Fans of the popular DreamWorks animated film of 2001, the 1990 children’s book by William Steig on which it was based, and the 4-D attraction at Universal Studios’ theme park in Orlando have the opportunity to see their favorite green ogre and a host of other fairytale characters come to life right in their own community with the Ritz Theatre Company’s local production of SHREK THE MUSICAL. And they can even buy a pair of Shrek ears to take home with them from the concessions counter.
The narrative follows the adventures of Shrek (played by Craig Hutchings), a misanthropic swamp-dwelling ogre whose solitary life is disrupted when a group of storybook creatures arrive on his property after having been banished from the Kingdom of Duloc by the villainous little Lord Farquaad (Matt Reher). On his quest to regain his land, Shrek meets a talking Donkey (David M. Mooney), fights a fire-breathing Dragon (April Lindley), and rescues Princess Fiona (Megan Pisors) from the tower in which she has been imprisoned since childhood. They soon find they have more in common than she does with the Lord who intends to marry her, as her secret curse is revealed and Shrek’s life is forever changed.

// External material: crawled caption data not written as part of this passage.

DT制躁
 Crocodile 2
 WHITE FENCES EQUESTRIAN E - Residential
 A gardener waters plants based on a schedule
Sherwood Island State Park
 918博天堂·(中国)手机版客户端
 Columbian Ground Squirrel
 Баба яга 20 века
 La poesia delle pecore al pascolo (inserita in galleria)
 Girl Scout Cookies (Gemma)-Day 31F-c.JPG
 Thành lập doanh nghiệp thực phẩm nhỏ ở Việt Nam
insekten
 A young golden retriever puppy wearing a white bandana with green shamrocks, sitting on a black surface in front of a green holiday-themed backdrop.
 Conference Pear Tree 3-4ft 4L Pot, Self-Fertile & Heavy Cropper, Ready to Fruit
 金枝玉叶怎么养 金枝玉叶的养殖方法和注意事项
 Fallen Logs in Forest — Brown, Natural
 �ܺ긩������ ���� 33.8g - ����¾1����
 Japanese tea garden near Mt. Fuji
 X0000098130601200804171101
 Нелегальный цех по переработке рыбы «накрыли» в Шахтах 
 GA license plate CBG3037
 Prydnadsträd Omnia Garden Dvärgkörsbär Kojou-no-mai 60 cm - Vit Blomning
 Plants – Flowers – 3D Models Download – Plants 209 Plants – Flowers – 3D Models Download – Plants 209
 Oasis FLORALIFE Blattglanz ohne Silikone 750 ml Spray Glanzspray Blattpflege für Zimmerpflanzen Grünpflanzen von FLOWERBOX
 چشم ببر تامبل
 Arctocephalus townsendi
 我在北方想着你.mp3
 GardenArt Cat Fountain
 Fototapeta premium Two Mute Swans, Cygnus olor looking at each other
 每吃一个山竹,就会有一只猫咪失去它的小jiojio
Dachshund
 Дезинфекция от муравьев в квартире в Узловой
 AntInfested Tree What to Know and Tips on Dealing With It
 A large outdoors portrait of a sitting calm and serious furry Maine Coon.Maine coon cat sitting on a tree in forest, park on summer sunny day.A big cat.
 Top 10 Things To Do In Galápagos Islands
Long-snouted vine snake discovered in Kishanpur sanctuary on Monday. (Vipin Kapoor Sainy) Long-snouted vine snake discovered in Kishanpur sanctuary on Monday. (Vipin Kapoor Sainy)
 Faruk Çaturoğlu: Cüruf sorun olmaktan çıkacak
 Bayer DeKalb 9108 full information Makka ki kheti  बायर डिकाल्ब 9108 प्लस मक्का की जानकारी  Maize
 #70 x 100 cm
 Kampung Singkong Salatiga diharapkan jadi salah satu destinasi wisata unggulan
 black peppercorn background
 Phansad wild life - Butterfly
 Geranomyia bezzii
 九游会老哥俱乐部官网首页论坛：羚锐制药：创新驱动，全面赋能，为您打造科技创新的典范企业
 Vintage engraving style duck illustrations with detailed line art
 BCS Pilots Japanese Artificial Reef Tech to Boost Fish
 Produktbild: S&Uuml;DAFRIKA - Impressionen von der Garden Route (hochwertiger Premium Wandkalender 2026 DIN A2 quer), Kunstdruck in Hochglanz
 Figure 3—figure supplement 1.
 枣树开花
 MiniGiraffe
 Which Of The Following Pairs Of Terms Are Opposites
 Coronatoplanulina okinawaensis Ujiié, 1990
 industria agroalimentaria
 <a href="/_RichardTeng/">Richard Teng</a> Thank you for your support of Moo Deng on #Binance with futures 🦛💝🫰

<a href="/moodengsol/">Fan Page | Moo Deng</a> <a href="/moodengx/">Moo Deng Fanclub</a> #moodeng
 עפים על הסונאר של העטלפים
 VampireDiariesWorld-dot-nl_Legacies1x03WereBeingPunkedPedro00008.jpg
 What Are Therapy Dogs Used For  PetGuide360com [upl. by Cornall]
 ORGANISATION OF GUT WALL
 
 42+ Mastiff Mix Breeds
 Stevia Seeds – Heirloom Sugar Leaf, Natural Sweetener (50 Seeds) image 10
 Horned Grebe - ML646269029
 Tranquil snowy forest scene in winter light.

The two-act, two-and-a-half-hour Broadway show by Jeanine Tesori (music) and David Lindsay-Abaire (book and lyrics) makes for an ambitious undertaking; the Ritz features a 21-person ensemble (directed by Ernie Jewell), 20 musical numbers (vocal direction by Mario Marzullo), dancing (choreograph by Kelly Rosado), puppets (courtesy of Hob Hollow Studios), a big set (Kris Clayton and Ernie Jewell), and colorful lighting (Chris Miller), make-up, and costumes (by Tina Marie Heinze; Hutchings alone requires two hours before each performance to be transformed into the titular character).
Most entertaining among the scenes is Act II’s joyful tap dance by Fiona, backed by a chorus line of frisky animals, and the ebullient rendition of “I’m a Believer”–The Monkees’ 1966 hit song by Neil Diamond–that closes the show. But aside from all the spectacle and abundance (and some crude segments of the ogres passing gas and belching), the story contains an important message for kids: to find the beauty within, because even those who are different deserve to be treated with respect, to feel self-esteem, to have friends they can count on, and to find true love. That’s a good lesson for everyone to learn. [915 White Horse Pike, Haddon Twp., NJ] July 9-August 2, 2015; ritztheatreco.org.